Vietnam Condemns US Report On Religious Freedom
HANOI (AP)--Vietnam Thursday slammed a U.S. report on religious freedom that listed it for the first time as one of the world's most intolerant countries - a designation that could bring economic sanctions.
The U.S. State Department's annual report on religious freedom said Vietnam was placed in the "countries of particular concern" category for "particularly severe violations of religious freedom."
The listing "is a wrongful decision based on erroneous information and inaccurate reflection of Vietnam's situation," Foreign Ministry spokesman Le Dung said in a statement.
Vietnam joins previous countries on the worst-offender list - Myanmar, China, Iran, North Korea and Sudan - as well as newcomers Saudi Arabia and Eritrea.
The "countries of particular concern" category carries the possibility of sanctions, which could range from private rebuke to economic restrictions. The report is used as a guideline for the U.S. secretary of state in making recommendations to the president.
Senior U.S. officials have said the government intends to use continued diplomacy to improve conditions instead of employing sanctions.
In the report, Vietnam was accused of trying to force ethnic minority Protestants to recant their faith, and of continuing to detain leaders of banned religious groups such as the Unified Buddhist Church of Vietnam.
Repression involving Roman Catholics and followers of local religions Hoa Hao and Cao Dai was also documented.
Vietnam denied the allegations, saying "there is no such thing as 'religious prisoners' or 'forced renunciations of faith.'"
It also accused the U.S. of undermining bilateral relations.
The report noted mass demonstrations in Vietnam's Central Highlands, where thousands of mainly Protestant hill tribe people took to the streets earlier this year to protest restrictions on religion and land.
Vietnam's government says rocks thrown by protesters killed two people. International human rights groups say at least 10 died in clashes with security forces.
Vietnam recognizes only six government-sanctioned religions, but several banned groups operate without its approval. The country has been under intense pressure from international human rights groups, the European Union and the U.S. to improve religious freedom.

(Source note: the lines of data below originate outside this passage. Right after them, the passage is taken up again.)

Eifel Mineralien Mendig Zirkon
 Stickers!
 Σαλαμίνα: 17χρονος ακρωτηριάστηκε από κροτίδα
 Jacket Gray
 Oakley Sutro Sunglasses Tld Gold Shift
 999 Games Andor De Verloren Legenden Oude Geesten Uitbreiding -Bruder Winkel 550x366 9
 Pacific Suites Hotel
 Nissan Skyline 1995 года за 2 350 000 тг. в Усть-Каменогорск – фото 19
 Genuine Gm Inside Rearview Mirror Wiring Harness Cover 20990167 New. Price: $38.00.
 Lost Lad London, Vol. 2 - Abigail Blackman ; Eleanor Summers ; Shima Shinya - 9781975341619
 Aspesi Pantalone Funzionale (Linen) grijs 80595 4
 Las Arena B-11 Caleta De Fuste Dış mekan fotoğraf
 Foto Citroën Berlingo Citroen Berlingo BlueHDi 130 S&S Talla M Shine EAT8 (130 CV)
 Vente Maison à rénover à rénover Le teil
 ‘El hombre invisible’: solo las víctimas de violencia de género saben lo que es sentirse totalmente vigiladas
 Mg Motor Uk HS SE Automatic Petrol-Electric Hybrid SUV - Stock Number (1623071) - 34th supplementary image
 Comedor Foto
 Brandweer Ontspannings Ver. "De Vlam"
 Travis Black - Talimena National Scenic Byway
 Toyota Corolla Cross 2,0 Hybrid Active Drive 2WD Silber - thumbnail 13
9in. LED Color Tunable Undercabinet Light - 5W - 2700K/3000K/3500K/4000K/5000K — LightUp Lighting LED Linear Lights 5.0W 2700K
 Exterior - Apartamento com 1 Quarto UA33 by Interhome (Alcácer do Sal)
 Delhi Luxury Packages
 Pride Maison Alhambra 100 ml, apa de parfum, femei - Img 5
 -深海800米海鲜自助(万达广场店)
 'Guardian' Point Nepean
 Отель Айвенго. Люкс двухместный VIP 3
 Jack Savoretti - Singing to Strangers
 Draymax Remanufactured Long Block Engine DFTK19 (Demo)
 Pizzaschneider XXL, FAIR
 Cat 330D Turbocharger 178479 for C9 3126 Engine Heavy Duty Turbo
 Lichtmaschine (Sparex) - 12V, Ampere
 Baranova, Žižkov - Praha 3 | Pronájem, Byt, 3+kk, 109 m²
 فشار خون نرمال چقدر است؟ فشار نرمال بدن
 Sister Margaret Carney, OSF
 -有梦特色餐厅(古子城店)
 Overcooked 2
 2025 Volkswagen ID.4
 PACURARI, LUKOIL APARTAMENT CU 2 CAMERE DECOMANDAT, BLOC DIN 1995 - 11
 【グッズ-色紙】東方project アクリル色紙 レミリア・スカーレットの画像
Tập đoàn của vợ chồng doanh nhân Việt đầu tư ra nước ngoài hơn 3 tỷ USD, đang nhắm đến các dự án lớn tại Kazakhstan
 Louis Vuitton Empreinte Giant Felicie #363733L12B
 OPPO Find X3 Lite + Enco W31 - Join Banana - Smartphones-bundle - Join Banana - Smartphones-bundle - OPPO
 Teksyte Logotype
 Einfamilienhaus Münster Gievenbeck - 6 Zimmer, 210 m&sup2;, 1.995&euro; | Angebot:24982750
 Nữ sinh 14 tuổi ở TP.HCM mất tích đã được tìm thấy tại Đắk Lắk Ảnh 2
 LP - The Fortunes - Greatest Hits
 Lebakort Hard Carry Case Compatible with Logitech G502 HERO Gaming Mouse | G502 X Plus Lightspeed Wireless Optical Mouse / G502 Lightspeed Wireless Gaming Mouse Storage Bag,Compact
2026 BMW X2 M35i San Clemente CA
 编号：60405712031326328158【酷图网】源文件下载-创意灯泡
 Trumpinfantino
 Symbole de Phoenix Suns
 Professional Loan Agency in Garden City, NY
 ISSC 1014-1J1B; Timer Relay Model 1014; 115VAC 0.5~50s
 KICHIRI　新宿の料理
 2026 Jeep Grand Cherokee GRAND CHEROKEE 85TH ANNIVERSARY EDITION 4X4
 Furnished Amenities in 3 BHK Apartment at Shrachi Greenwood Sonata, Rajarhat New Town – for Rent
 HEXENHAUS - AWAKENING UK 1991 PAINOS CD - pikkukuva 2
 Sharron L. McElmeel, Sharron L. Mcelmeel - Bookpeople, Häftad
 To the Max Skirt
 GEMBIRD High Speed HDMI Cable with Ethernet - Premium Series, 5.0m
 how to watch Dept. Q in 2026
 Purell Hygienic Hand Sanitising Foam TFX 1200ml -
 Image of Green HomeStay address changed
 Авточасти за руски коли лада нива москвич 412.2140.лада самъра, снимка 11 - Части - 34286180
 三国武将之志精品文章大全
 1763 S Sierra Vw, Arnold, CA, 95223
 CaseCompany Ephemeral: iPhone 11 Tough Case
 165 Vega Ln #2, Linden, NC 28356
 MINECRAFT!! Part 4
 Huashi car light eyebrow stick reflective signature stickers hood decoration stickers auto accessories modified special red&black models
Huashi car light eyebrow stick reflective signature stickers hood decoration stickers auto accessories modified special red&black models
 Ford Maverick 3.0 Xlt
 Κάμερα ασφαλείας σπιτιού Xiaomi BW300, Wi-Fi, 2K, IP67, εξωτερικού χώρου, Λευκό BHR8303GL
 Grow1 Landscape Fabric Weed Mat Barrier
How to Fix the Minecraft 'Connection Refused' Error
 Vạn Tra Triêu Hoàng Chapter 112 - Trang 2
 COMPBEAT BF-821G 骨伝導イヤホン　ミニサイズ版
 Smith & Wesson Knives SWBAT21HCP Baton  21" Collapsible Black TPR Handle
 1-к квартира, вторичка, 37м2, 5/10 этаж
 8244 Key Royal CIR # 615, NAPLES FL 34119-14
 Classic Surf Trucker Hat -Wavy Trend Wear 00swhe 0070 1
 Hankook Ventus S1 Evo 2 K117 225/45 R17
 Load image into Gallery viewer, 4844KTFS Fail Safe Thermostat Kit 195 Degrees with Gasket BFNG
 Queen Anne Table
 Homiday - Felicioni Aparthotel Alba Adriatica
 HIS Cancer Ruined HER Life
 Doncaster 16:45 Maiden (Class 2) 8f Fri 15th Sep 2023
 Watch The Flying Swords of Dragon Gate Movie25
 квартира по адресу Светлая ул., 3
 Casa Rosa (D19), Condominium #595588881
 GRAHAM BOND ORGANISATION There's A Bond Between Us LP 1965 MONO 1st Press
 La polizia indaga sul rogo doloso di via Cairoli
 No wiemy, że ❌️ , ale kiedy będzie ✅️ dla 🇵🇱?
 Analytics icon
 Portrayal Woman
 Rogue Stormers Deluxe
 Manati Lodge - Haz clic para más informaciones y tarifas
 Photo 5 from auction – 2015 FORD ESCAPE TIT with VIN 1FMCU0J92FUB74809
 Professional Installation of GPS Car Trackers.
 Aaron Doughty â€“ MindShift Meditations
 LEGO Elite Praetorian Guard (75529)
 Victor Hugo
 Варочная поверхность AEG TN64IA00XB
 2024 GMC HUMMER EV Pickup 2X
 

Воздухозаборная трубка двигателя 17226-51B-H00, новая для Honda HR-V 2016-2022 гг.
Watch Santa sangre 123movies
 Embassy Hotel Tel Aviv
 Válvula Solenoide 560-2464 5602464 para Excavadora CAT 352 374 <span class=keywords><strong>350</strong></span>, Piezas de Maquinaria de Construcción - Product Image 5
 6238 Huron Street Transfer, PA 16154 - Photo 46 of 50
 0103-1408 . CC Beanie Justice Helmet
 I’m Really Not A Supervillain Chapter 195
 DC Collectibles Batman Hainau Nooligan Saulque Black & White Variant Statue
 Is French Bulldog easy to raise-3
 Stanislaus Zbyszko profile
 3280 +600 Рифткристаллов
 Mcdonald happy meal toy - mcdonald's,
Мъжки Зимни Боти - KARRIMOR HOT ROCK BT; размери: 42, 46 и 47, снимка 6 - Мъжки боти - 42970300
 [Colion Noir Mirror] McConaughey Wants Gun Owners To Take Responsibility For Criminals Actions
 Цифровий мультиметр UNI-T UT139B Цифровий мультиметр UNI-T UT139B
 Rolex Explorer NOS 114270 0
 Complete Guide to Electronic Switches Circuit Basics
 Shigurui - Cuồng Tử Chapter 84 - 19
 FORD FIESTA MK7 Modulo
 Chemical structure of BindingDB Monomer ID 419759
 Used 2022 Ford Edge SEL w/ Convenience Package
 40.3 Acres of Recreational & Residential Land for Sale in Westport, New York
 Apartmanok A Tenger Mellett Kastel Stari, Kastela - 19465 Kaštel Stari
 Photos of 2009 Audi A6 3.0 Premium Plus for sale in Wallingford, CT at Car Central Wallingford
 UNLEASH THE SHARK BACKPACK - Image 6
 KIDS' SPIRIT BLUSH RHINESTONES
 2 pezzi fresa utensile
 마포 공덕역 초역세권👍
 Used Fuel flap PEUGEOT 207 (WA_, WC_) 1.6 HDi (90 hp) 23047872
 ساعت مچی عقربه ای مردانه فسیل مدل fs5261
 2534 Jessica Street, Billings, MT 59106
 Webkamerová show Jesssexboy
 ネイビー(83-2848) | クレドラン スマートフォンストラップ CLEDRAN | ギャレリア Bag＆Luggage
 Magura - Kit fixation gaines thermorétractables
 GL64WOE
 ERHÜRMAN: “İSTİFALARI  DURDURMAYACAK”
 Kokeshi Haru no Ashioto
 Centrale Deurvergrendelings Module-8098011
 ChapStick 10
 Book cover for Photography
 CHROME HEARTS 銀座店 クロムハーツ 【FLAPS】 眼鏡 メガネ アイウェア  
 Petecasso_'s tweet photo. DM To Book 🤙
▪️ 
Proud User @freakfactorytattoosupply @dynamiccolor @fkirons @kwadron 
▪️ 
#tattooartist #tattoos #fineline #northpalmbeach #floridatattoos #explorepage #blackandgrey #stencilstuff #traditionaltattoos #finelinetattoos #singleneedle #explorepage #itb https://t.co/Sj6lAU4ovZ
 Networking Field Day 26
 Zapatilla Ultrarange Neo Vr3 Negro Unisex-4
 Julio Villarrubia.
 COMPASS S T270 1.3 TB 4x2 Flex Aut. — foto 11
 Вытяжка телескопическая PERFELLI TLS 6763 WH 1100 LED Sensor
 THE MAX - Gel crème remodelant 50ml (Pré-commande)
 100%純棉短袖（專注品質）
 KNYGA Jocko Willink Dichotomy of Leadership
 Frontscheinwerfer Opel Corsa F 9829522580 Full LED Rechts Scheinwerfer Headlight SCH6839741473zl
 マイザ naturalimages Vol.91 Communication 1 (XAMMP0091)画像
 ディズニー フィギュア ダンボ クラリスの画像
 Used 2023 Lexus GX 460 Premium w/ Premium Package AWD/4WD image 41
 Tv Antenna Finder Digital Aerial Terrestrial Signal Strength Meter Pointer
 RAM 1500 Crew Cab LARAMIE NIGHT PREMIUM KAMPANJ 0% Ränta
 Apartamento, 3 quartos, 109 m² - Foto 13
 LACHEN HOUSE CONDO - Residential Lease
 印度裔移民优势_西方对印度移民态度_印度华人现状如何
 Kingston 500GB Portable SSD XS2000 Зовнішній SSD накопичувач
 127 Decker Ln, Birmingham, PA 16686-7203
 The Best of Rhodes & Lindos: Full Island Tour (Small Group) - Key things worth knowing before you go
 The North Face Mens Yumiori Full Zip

"There are no known cases in recent years in which the courts acted to interpret laws to protect a person's right to religious freedom," the U.S. report said.
Earlier this year, the U.S. House of Representatives passed legislation to restrict U.S. aid to Vietnam if it fails to improve what lawmakers said was a deplorable human rights record. The bill still requires U.S. Senate approval to become law.
Under the measure, U.S. non-humanitarian aid to Vietnam would be capped at current levels - around $40 million - unless the situation improves.